──────── Records for this task

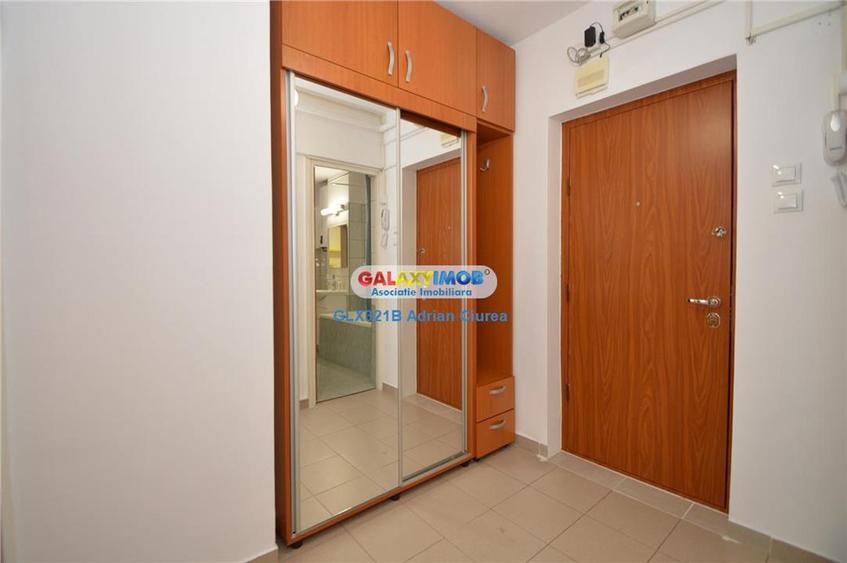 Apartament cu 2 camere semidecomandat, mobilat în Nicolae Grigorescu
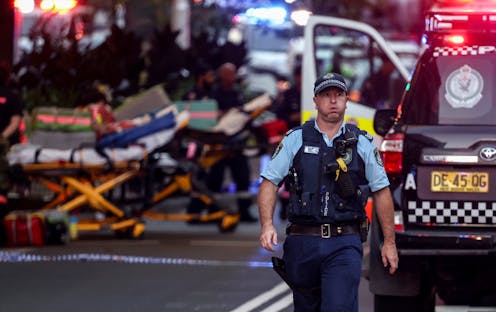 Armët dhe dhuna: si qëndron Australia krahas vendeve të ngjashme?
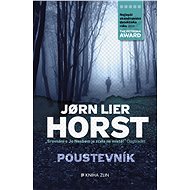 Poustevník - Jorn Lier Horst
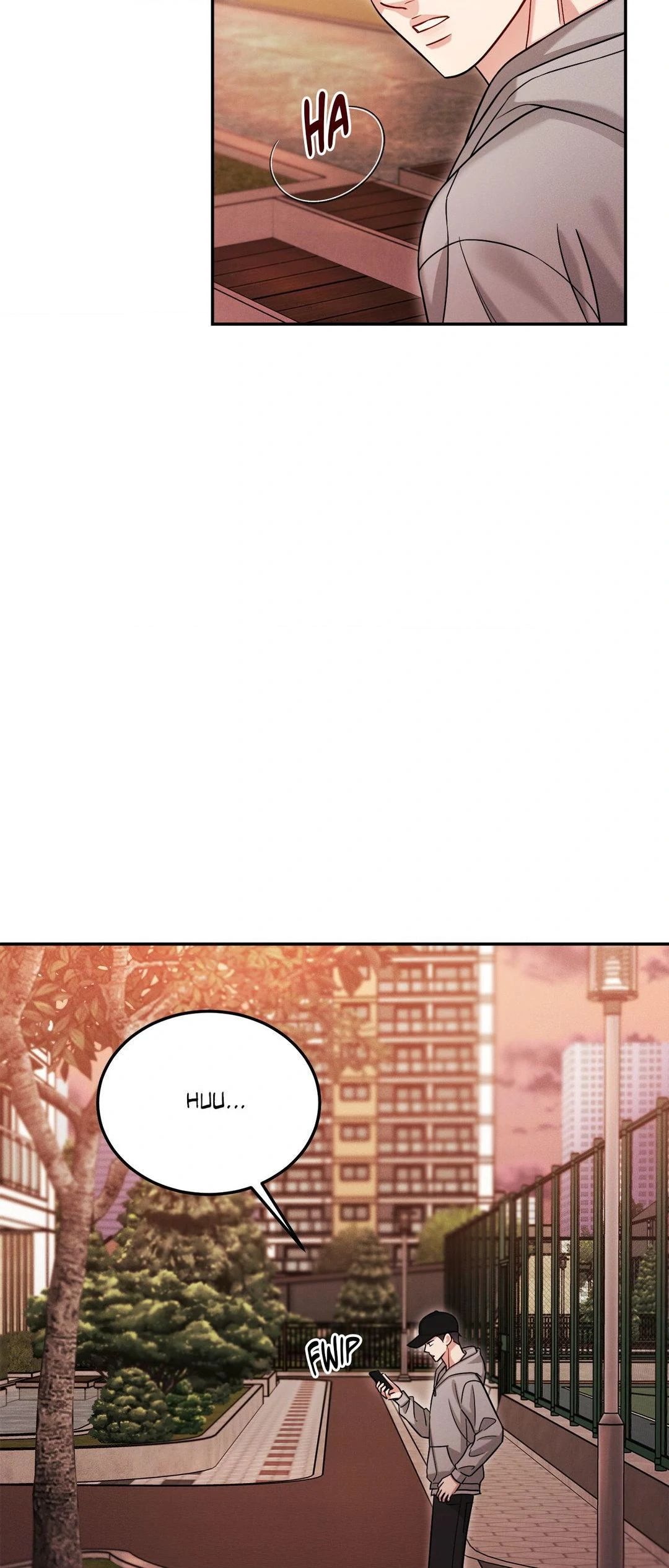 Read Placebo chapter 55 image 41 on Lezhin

────────────────
──────── Records for this task

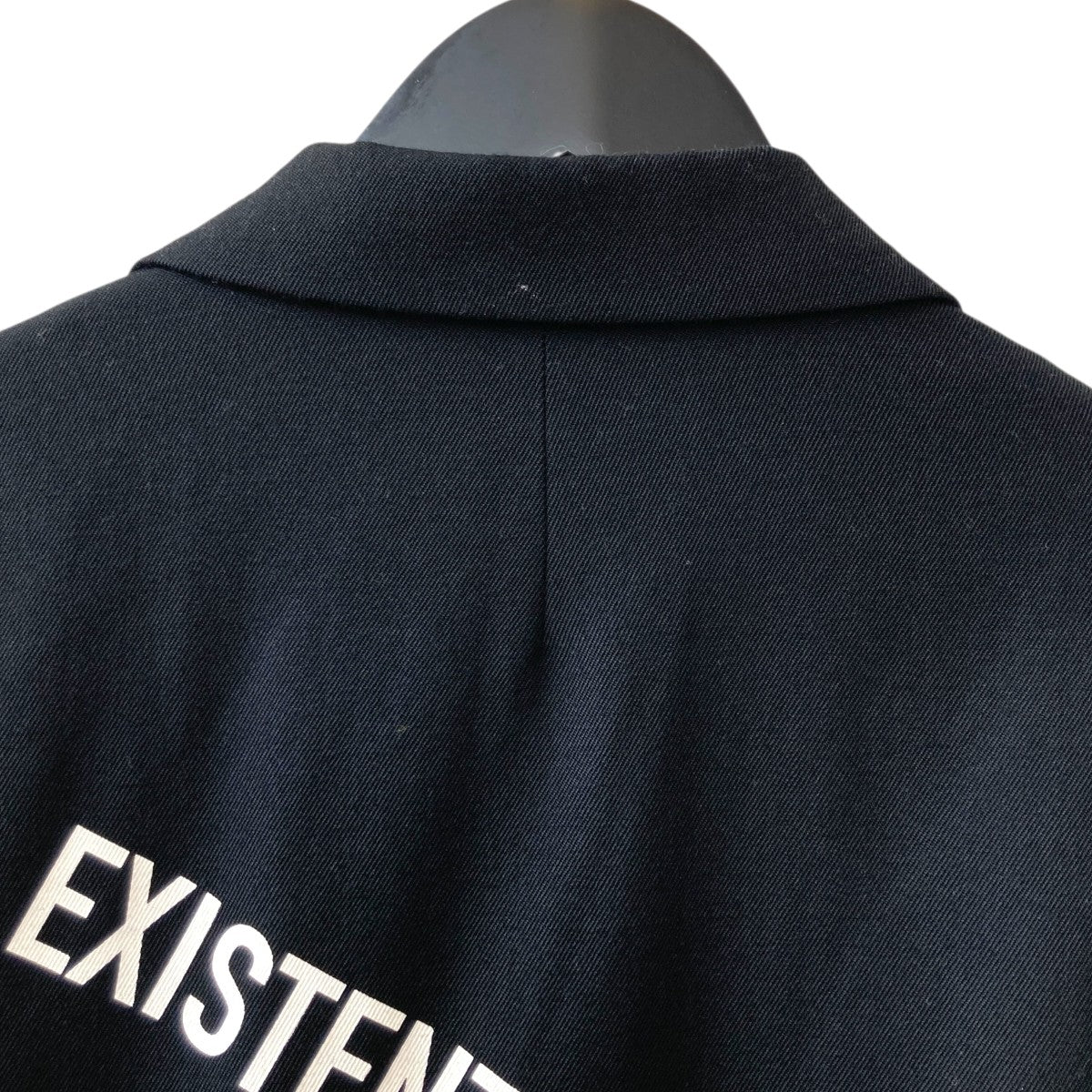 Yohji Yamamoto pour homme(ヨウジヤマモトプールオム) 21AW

────────────────

• Task description: Both the line containing "Armët dhe dhuna: si" and the line containing "Read Placebo chapter 55 image 41 on Lezhin" above belong in the output, as do the lines between them. Print them exactly, without pictures.

• Solved problem:
 Armët dhe dhuna: si qëndron Australia krahas vendeve të ngjashme?
 Poustevník - Jorn Lier Horst
 Read Placebo chapter 55 image 41 on Lezhin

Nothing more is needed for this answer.